The word suggests that you are torn between two opposing courses of action. Am I sane, or am I crazy? These are not courses of action, but they can be….for some.
I went to bed at 5:00 AM this morning after finishing my Theology paper and taking a shower. I braided my sopping dark hair into a long rope, popped my retainers in, and crawled between the sheets for a comfortable 3 hours before my class.
To be honest, I’m doing okay today! I don’t think it has hit me yet, but the closer midnight gets, the more appealing bedtime sounds. This weekend will be full of work; tomorrow I’m getting up to go to the gym (I haven’t exercised in around a week, and the lethargic feeling of physical stagnancy is settling into the far reaches of my body…it’s time for a run.) After that, breakfast, and essays. Three to be exact. But it’ll all be over come Monday morning! Well, most of it that is. I have a piano recital on Wednesday night that I’m not particularly looking forward to. I just talked to my mom about it, and she told me that I’m probably more prepared than I think I am (which is true,)
I move out of this city in 5 days.
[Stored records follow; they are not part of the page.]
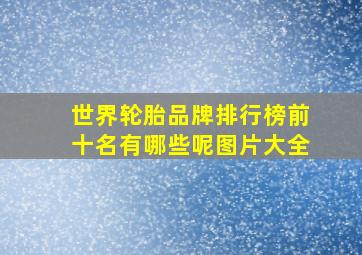 世界轮胎品牌排行榜前十名有哪些呢图片大全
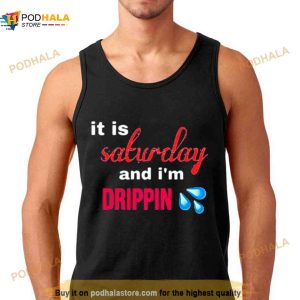 It Is Salwday And I'm Drippin Shirt 3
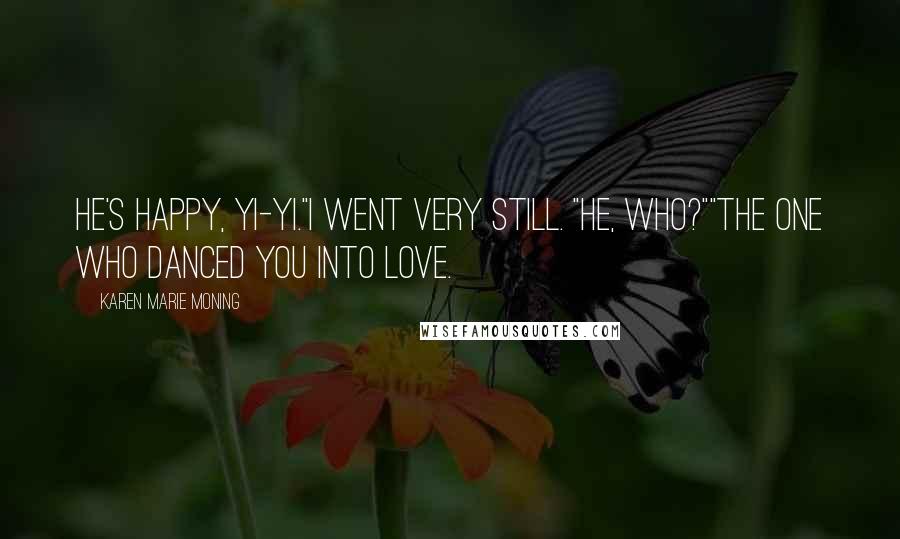 Karen Marie Moning Quotes: He's happy, Yi-yi."I went very still. "He, who?""The one who danced you into love.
The drive home will be taking me back over to Eastern Washington (a place I visited for the first time last week, and fell in love with.) From there, a quick cut across Idaho, through Montana, down into Wyoming, dropping us straight into the mountainy arms of Colorado’s embrace. A little part of me is already sad though, a part that I suspect to grow before Thursday afternoon. I don’t know why I’m holding this thought, but the idea of me not living in Seattle makes the "active world" feel so distant. Will I be prepared to live a quiet summer of isolation in the mountains, after 9 months of this bustling metropolis of cross dressers and tattooed baristas? We’ll see.
Anyway, I liked my outfit today. It was simple. My roommate is gone most of the night, which means I ended up chilling out in my bra and underwear, watching Netflix. Naturally silly self-portraits were in order.
My friends, there is a bit of me that is worried. It’s questioning the authenticity of my feelings on a matter that I once felt very strongly for. I hope my passion is not running thin; it’s my passion that has gotten me to the good place that I’m at right now.
I’ll be 19 soon. Even with all this experience, this pain, life, and knowledge under my belt, I’m still considered the youngin’ in a circle of friends. Something doesn’t seem right about that.
Goodnight. More pictures will be up soon. Thank you for reading, watching, and listening.